My psychiatrist, Dr. Young gave me a new medicine that got me calmed down and let me get a good, long nights sleep and also wrote a medical excuse that gets me out of work until Fri 7/31. with good pills, good herb I am staying mellow. My illness has been very hard on my poor sweet Ron. I'm in a state where I am constantly on the verge of having a Horrible panic-anxiety attack. I truly hate having them. They are excruciating for Ron to watch and the fact is that I get by in this life by keeping a lid on all of my panic and anxiety. (I have been diagnosed with at least seven different serious and debilitating mental illnesses.)
Since old Ronny Raygun's old theory of "trickle down economics" is finally coming true for me. For the first time. The Library System is funded by property tax. Foreclosures, people not paying and a sudden halt to much new construction and the LS has a half million dollar budget shortfall staring them in the face. This is my first experience working for government rather than business. Any private company that realized on march 1st they were half a mil short would have sent out pink slips til they were back on budget. That didn't happen. They announced instead that we would be using Very few substitues from now on. Now whenever someone is sick or on vacation or otherwise absent, we pretty much have to just do without.
Would you be surprised to learn that the Branch Library where I work, where I specifically chose to work because it was such an easy, fun and no stress way to earn a little bit of money to get by on. Since the substitute announcement, my library has gone from easy, no stress to a treadmill of ever increasing productivity demands where in front line workder are being told that keeping their job depends on moving materials at a rate that most of us are not capable of physically possibly acheiving. Work under the new standars my boss told me they were implementing my severely arthritic hips were Screaming in pain and my anxiety level was truly Dangerous.
And when I called in sick the following morning, having been completely unable to sleep and literally on the verge of hysteria , actually making the call myself (ron usually handles the phone since my hearing is so bad) she was clearly Ticked off with me for calling and Warned me that I would need a doctor's excuse and that my calling in was starting to become a "pattern". (I didn't realy hear all this; Ron was listening on the speakerphone and explained to me in detail Exactly what she said and her tone and connotations. I has been so focused on making sure she understoond I was absent because I was sick and let her know that I would definitely get a doctor's note.

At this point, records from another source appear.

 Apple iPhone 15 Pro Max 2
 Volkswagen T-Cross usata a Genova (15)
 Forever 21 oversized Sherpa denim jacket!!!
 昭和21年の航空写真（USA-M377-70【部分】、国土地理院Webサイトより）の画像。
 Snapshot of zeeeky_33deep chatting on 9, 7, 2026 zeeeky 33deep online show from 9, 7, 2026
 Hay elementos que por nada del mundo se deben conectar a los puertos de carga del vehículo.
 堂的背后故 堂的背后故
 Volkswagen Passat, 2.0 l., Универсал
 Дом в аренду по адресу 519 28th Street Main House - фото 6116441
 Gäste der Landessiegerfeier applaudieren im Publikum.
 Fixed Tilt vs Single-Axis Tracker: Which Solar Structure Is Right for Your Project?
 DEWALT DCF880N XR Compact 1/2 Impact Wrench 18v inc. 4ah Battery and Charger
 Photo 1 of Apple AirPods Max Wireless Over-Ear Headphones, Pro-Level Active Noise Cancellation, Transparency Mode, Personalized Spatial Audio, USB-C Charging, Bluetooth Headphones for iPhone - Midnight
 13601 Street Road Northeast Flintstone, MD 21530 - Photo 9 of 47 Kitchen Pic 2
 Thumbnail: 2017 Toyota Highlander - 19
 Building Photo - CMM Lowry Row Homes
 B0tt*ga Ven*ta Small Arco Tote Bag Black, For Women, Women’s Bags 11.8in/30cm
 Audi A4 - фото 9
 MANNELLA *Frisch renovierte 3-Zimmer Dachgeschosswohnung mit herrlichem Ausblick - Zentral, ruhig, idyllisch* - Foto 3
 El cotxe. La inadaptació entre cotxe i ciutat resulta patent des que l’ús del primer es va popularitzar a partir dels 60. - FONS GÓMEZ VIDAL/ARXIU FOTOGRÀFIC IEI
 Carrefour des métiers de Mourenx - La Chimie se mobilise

I spent the day panicking while we first e-mailed (which required going to my friend Kathi's, who cheerfully allowed me to use her excellent broadband desktop) then Ron spent hours on the phone trying to get me in to see Any psychiatrist who had a slot available. my former shrink, whom I liked a lot accepted and who left the Tacoma practice a couple of months after getting a slot in the Seattle office which she says she likes much better. One of Ron's phone calls was to her and she could not have been more helpful. She told Ron exactly who to call and what to say, and then I had a 4pm appt with Dr. Park, who gave me pills and wrote me an absence excuse form that will allow me to stay home from work til Friday 7/31. It was my first time seeing her but I was very impressed and walked out of her office feeling relieved and almost overjoyed.
The saga will continue next time I have time to add another day's notes.
2 comments:
**hugs**
i'm so glad you got in with a good doc fast. thank you for sharing this - i'll be by often to stay caught up.
Alan -- I am feeling your pain. Hang in there buddy!